◆ What you are asked to do
Write each line again exactly as it is, from the opening line of the records below through the one containing "Кроссовки Triple S", and add nothing.

◆ Extracted information
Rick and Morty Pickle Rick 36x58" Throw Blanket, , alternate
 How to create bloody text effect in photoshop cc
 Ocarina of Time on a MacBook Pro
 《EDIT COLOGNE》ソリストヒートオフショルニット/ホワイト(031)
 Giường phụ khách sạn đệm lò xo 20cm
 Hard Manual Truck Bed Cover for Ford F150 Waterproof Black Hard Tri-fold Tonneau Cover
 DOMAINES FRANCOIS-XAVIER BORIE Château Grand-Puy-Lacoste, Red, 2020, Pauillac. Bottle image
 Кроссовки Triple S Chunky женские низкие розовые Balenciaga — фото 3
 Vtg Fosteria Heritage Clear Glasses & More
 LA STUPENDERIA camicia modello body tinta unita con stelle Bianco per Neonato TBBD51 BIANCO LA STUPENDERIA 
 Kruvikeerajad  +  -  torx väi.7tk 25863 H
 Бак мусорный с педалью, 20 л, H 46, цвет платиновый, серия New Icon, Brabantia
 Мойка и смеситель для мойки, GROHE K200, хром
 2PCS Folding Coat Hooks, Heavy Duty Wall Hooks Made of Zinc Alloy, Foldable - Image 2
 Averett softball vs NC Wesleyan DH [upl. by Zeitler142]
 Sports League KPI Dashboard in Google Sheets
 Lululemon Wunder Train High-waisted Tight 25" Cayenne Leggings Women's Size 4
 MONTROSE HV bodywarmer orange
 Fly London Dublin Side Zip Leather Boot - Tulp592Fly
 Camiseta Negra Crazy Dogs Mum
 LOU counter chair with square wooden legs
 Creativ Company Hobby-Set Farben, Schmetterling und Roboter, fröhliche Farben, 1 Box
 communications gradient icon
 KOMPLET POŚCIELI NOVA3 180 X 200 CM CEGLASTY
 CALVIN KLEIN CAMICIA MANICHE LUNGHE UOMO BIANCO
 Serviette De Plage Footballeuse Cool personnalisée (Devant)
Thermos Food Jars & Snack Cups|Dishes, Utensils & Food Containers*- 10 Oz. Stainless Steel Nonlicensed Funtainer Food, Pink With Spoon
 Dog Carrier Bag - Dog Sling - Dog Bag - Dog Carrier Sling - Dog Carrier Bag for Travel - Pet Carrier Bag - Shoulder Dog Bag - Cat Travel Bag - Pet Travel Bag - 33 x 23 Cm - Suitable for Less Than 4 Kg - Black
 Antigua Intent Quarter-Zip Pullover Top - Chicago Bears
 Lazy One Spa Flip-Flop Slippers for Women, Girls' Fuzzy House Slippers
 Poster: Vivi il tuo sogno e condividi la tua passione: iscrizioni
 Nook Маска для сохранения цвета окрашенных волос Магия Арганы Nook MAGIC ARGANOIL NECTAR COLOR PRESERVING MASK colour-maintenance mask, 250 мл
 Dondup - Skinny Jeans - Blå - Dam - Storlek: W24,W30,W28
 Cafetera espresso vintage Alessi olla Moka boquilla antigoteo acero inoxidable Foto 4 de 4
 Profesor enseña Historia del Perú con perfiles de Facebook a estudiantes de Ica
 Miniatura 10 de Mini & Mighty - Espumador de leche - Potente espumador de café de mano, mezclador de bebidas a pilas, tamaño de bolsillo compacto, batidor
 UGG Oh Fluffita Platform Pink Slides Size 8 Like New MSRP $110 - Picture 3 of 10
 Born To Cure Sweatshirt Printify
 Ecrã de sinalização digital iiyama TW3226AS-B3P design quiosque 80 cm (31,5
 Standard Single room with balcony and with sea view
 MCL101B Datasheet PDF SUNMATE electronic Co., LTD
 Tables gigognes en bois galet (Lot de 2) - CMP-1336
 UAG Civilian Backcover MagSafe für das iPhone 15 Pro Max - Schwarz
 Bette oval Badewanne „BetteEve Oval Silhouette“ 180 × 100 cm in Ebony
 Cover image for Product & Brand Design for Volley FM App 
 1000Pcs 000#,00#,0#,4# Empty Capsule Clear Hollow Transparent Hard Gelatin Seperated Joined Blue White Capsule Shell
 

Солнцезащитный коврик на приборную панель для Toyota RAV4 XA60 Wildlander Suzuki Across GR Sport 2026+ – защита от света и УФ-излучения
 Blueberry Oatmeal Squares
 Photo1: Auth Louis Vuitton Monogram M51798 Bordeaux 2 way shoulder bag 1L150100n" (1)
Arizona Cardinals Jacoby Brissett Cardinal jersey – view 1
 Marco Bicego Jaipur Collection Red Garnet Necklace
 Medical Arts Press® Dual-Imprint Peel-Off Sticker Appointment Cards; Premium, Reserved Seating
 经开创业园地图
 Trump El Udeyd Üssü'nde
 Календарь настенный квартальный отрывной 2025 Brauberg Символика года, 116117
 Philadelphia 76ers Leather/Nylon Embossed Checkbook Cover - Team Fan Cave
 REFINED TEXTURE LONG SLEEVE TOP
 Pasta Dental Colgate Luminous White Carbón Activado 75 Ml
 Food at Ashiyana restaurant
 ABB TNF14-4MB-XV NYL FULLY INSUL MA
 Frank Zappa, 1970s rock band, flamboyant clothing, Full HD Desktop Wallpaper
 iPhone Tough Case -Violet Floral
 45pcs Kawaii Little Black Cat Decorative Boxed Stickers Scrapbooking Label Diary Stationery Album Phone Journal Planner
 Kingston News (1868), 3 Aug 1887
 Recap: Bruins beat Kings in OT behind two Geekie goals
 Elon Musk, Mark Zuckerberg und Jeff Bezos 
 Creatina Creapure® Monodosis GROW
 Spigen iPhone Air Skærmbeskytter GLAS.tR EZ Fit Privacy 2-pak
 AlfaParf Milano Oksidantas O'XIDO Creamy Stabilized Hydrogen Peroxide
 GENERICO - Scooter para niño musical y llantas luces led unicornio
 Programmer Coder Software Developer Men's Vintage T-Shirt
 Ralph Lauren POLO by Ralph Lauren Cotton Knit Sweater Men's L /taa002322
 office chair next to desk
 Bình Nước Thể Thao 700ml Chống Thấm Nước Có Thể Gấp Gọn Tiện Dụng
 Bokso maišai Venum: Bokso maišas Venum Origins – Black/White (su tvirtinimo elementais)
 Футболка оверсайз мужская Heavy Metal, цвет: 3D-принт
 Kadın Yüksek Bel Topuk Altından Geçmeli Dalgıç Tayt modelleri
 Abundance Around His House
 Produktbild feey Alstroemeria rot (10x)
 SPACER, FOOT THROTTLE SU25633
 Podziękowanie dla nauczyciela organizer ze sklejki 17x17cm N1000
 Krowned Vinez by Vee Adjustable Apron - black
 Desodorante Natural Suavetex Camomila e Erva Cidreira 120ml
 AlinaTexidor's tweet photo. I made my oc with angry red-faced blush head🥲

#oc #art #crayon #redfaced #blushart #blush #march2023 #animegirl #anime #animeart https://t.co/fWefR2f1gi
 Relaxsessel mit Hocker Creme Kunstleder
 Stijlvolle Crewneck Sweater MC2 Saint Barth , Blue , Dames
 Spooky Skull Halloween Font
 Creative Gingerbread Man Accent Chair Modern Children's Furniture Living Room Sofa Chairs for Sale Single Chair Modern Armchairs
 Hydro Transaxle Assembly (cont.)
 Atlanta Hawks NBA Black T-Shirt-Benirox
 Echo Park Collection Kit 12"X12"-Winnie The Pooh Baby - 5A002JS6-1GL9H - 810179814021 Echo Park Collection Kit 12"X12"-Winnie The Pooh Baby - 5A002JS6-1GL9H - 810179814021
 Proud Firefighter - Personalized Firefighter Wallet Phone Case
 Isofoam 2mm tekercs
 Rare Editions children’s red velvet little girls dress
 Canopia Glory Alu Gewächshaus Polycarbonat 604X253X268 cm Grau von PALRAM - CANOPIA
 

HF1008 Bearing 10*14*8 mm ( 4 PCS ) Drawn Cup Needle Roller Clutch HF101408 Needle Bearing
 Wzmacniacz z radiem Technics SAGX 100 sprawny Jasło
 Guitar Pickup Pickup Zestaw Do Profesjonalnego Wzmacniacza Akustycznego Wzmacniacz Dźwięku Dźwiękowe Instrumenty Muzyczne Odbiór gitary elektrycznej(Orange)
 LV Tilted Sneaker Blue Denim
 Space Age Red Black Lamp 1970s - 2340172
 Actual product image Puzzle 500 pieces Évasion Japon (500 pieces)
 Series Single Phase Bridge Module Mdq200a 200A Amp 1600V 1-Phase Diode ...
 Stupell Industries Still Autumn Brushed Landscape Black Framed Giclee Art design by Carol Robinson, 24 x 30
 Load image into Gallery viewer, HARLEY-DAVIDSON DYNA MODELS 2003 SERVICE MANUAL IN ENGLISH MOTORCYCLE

◆ Written solution
Rick and Morty Pickle Rick 36x58" Throw Blanket, , alternate
 How to create bloody text effect in photoshop cc
 Ocarina of Time on a MacBook Pro
 《EDIT COLOGNE》ソリストヒートオフショルニット/ホワイト(031)
 Giường phụ khách sạn đệm lò xo 20cm
 Hard Manual Truck Bed Cover for Ford F150 Waterproof Black Hard Tri-fold Tonneau Cover
 DOMAINES FRANCOIS-XAVIER BORIE Château Grand-Puy-Lacoste, Red, 2020, Pauillac. Bottle image
 Кроссовки Triple S Chunky женские низкие розовые Balenciaga — фото 3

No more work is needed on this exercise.